А какие-нибудь записи остались с тех времен? На что вы ориентировались?
Нет, ничего не осталось, ориентировались на The Stooges. Cочинял все Ваня, и тексты, и песни, а я играл на басу.
Но сами вы продолжали стихи писать?
Да, я как начал со школы, так и писал все время — возможно, стихи для меня были своего рода уходом от реальности. Когда я вырос, самым сложным было, конечно, кому-нибудь их прочитать. Это реально слом: в школе читал друзьям, потом обменивался поэтическими опытами с товарищами, и вдруг какой-то мой знакомый говорит про меня году в 1994-м бородатому хиппарю на Арбате: «Он вот поэт». А я говорю: «Можно я вам почитаю?» — «Ну давай, приезжай ко мне, почитай». Приехал, не помню куда, там какая-то жизнь кипит, филологички бегают, шведки и австриячки. Хиппарь был занят все время, я посидел у него, а потом он подошел и говорит: «Ну ты, наверное, сам уже все понял про свои стихи». Я ответил: «Да», — и уехал. Помню, потом в начале нулевых я выступал как-то раз и он подошел ко мне что-то сказать, но я от него просто отвернулся.

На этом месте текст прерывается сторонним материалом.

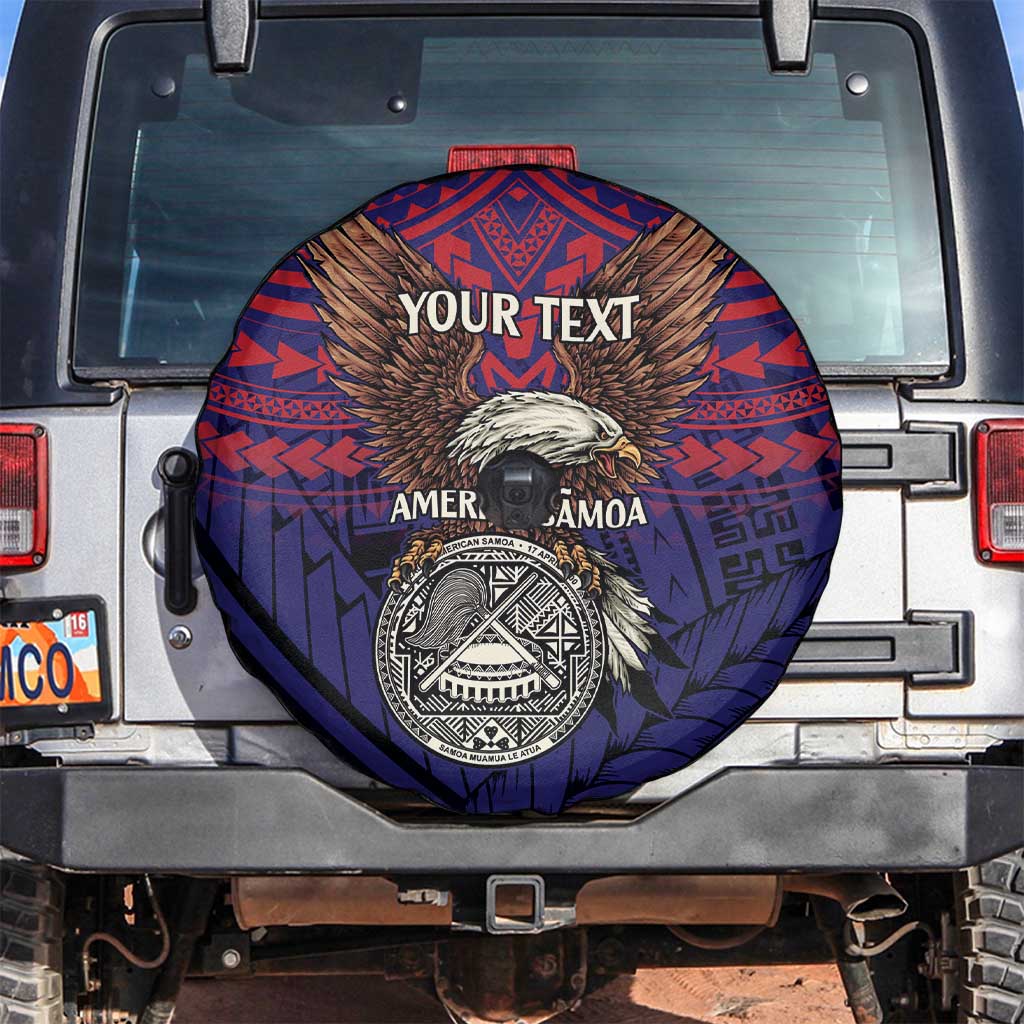 American Samoa Brave Eagle Personalized Spare Tire Cover National Flag Color LT9 Blue - Polynesian Pride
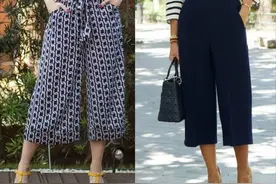 8个码 舒适七分裤阔脚裤裁剪图参考图片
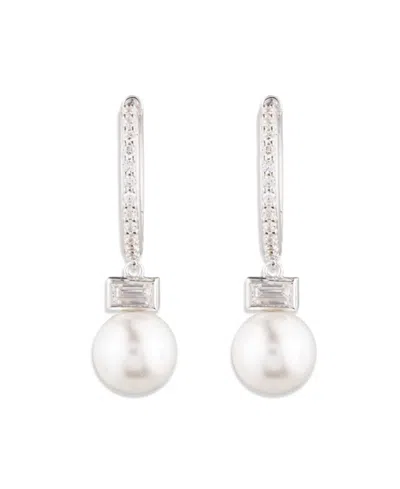 Ralph Lauren Cubic Zirconia & Imitation Pearl Sterling Silver Hoop Earrings In Brown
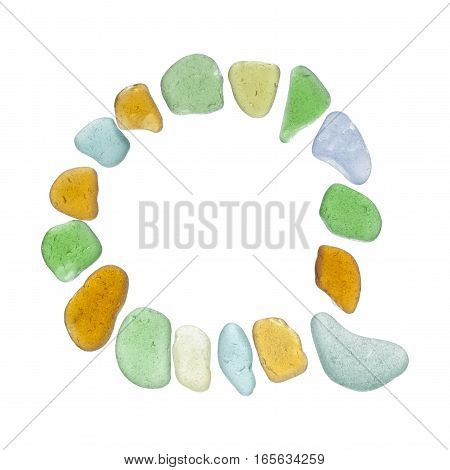 Sea Glass Peices On White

То есть дорогу в поэзии приходилось искать на ощупь?
Да, и ранние стихи у меня были совершенно отвратительные. Можно такую метафору привести: ребенок, когда рисует что-то тщательно, каждую линию по четыре раза обводит ручкой, чуть ли не до дыр протирает бумагу. Знаете такое? Хорошо видно, сколько он приложил усердия. Вот и с моими стихами поначалу было так же.